[Description of the task] In the entries that follow, find the line containing "Image of Skintone"; from there, copy every line exactly through the line containing "Pokemon Enderman. LV.X".

= Beginning of Section =

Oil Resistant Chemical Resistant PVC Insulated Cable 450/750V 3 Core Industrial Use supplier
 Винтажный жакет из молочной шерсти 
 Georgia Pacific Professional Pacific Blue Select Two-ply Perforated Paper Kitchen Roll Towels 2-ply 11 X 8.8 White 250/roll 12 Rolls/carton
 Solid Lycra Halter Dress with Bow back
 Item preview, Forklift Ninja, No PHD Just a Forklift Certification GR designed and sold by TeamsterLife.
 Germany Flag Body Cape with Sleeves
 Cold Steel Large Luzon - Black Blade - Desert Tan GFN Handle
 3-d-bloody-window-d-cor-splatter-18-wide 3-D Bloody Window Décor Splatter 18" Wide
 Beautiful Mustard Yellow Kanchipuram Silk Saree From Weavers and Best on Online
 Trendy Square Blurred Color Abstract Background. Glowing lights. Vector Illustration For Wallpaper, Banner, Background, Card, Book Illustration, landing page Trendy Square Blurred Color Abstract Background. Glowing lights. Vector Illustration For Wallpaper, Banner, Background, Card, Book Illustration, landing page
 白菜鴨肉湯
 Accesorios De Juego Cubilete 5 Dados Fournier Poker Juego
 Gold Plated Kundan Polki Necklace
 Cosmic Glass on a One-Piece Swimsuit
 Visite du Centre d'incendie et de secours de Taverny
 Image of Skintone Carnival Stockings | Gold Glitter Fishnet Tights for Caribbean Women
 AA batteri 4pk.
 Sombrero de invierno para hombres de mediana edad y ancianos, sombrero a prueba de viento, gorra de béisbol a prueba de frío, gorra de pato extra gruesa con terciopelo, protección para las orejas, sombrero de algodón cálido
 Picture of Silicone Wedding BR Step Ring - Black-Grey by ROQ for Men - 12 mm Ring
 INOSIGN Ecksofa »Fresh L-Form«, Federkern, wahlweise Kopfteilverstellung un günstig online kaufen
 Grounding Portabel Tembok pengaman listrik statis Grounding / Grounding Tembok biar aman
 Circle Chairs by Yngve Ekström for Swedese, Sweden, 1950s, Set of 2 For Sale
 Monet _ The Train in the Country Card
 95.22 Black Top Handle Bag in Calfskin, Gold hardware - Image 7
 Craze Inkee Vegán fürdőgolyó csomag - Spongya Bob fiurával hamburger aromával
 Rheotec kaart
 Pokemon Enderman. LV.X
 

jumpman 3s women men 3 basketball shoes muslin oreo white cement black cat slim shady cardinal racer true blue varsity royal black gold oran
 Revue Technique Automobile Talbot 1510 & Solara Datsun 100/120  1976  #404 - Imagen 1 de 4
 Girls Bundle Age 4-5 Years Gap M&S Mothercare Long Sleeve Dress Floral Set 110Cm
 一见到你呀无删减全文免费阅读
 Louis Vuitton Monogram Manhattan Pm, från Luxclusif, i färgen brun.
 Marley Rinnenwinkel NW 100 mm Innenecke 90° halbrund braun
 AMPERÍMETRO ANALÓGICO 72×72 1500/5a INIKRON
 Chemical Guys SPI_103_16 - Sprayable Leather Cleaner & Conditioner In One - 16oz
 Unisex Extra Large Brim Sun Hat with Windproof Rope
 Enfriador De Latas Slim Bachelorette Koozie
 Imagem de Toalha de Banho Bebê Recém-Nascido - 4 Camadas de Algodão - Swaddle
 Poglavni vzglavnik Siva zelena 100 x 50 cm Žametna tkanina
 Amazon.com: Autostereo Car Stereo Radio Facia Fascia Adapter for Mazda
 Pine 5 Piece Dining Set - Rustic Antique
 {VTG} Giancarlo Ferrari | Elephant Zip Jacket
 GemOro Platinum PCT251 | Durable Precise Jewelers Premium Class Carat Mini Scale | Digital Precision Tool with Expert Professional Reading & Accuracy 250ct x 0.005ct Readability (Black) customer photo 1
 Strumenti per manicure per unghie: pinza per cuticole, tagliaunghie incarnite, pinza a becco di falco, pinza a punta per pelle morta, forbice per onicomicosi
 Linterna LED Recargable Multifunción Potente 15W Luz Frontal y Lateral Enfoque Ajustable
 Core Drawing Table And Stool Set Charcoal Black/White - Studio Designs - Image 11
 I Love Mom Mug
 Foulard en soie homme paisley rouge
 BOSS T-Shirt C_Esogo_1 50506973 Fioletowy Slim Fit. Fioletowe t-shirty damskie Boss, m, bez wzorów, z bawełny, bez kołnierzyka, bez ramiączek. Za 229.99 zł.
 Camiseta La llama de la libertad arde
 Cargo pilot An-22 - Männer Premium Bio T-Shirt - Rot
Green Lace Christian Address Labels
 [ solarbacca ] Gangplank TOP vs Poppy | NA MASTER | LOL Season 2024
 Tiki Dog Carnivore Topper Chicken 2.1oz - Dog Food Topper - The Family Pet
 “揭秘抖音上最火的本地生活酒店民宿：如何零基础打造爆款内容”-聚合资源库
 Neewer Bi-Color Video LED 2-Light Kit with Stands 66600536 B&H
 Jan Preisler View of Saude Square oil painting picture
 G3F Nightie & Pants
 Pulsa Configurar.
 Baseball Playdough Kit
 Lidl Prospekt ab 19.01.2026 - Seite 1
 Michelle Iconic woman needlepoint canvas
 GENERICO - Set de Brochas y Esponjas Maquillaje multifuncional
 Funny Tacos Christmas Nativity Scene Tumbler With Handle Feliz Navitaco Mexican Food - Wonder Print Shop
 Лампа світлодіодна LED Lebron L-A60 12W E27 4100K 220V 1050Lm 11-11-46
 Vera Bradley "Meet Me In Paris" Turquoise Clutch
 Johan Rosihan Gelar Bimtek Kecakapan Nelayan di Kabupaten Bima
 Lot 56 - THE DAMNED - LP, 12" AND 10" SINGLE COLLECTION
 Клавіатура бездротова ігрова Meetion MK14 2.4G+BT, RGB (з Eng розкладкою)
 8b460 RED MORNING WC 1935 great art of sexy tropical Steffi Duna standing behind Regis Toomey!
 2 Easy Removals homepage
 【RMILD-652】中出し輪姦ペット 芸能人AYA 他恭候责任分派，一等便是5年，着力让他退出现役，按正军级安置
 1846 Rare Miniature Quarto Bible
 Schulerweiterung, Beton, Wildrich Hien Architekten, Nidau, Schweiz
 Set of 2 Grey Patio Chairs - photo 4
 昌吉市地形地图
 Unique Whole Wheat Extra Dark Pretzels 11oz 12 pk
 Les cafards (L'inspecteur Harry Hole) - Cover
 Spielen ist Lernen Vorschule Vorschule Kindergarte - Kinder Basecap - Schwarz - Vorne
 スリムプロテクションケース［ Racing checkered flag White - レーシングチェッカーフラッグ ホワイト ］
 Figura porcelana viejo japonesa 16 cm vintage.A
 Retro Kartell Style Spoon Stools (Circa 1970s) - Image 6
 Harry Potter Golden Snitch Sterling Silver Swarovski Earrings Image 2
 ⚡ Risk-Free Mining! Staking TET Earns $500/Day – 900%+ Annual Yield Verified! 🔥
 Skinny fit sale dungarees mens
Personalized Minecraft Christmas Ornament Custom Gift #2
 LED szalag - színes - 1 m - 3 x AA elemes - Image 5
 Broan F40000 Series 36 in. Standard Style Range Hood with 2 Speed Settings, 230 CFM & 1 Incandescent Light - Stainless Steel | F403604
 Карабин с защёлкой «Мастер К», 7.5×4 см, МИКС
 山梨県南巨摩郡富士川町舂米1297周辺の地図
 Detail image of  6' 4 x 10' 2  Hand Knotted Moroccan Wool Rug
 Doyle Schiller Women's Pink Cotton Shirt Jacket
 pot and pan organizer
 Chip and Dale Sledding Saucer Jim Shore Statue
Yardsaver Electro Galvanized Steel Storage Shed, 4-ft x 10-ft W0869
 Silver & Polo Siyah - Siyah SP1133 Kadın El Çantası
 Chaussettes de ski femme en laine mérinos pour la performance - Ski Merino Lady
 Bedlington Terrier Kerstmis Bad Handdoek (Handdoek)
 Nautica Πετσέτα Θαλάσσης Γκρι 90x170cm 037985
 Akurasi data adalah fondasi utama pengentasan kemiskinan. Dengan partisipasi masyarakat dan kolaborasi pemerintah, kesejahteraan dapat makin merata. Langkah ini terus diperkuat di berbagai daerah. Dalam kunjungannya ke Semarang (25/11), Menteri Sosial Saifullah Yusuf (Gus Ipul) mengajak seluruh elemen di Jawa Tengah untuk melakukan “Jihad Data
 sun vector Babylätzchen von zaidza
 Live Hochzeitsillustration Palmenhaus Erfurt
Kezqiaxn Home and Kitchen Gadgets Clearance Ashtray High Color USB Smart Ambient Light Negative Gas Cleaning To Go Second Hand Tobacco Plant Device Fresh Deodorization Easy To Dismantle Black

= End of Section =

[Completed exercise]
 Image of Skintone Carnival Stockings | Gold Glitter Fishnet Tights for Caribbean Women
 AA batteri 4pk.
 Sombrero de invierno para hombres de mediana edad y ancianos, sombrero a prueba de viento, gorra de béisbol a prueba de frío, gorra de pato extra gruesa con terciopelo, protección para las orejas, sombrero de algodón cálido
 Picture of Silicone Wedding BR Step Ring - Black-Grey by ROQ for Men - 12 mm Ring
 INOSIGN Ecksofa »Fresh L-Form«, Federkern, wahlweise Kopfteilverstellung un günstig online kaufen
 Grounding Portabel Tembok pengaman listrik statis Grounding / Grounding Tembok biar aman
 Circle Chairs by Yngve Ekström for Swedese, Sweden, 1950s, Set of 2 For Sale
 Monet _ The Train in the Country Card
 95.22 Black Top Handle Bag in Calfskin, Gold hardware - Image 7
 Craze Inkee Vegán fürdőgolyó csomag - Spongya Bob fiurával hamburger aromával
 Rheotec kaart
 Pokemon Enderman. LV.X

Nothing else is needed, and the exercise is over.